Required action
With no words added or dropped, transcribe the listing that follows.

Exercise data
=== Begin Enclosure ===

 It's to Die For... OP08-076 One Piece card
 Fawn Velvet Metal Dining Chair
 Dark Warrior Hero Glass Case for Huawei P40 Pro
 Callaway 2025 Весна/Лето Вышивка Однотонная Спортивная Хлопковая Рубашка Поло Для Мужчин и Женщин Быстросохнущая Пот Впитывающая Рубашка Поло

=== End Enclosure ===

Answer for the task
 It's to Die For... OP08-076 One Piece card
 Fawn Velvet Metal Dining Chair
 Dark Warrior Hero Glass Case for Huawei P40 Pro
 Callaway 2025 Весна/Лето Вышивка Однотонная Спортивная Хлопковая Рубашка Поло Для Мужчин и Женщин Быстросохнущая Пот Впитывающая Рубашка Поло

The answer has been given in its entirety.